4 Human–Machine Interaction

With triangulation as the guiding principle for social cognition, human–machine interaction can also be described with this basic model. The interaction between human and machine takes place in a shared environment in which both human and machine can interact. The technological environment affords space for human and machine to work together. Technological environments are in turn constituted by human practices, from making stone tools to our current information and communication technologies. The concept of machine is so closely interwoven with human practice that humans and machines must always be understood together.

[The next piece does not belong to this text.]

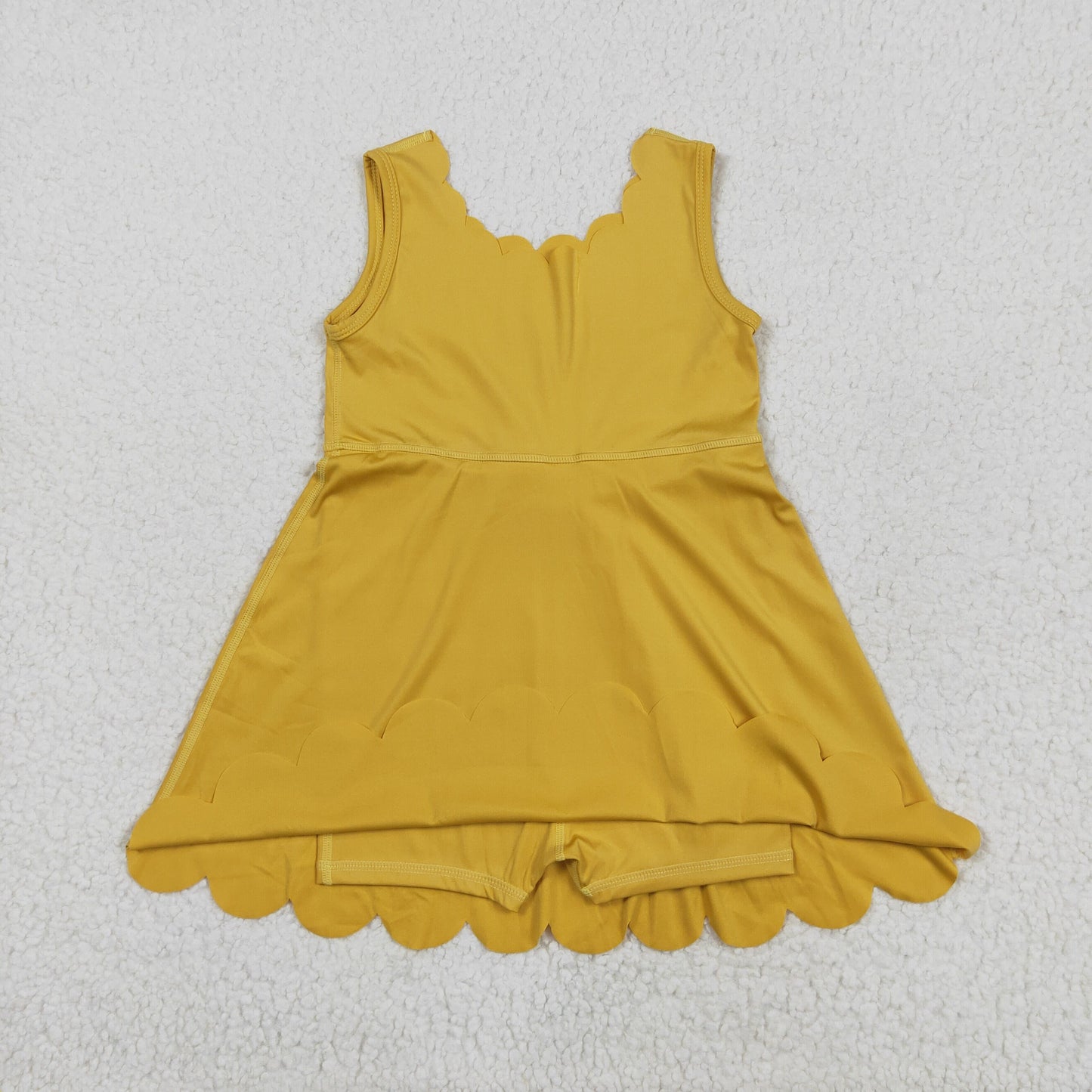 RTS NO MOQ GSD2373 Solid yellow lace yoga sleeveless dress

Machines can be mechanical and electrical or electronic, self-regulated, or self-organized automata. On the one hand, machines can be understood as simple tools or as complex mathematical models on the other. Simple machines in the pre-industrial sense are tools like a hammer, for example, or machines that are made up of various components. They do not move on their own, and they have to be moved. The development of mechanical machines benefits from the concepts of mechanisms that emerged during the Renaissance, i.e., precise knowledge of specific processes in component complexes. The term machine gradually came to be applied to apparatuses, which are made of moving parts for applying mechanical power. If a machine has a continuous energy drive and can therefore run independently, it is commonly called an automaton. In this sense, the term machine is usually ambivalent.Footnote 2 Today, in the age of information technologies, computers as “information artifacts” provide a richer meaning of machine and wider possibilities of user experience. It seems that modern machines can work more and more independently and self-organized, but the institutionalization of machine production and usage to serve human purposes is embedded in more complicated social processes and systematical practices.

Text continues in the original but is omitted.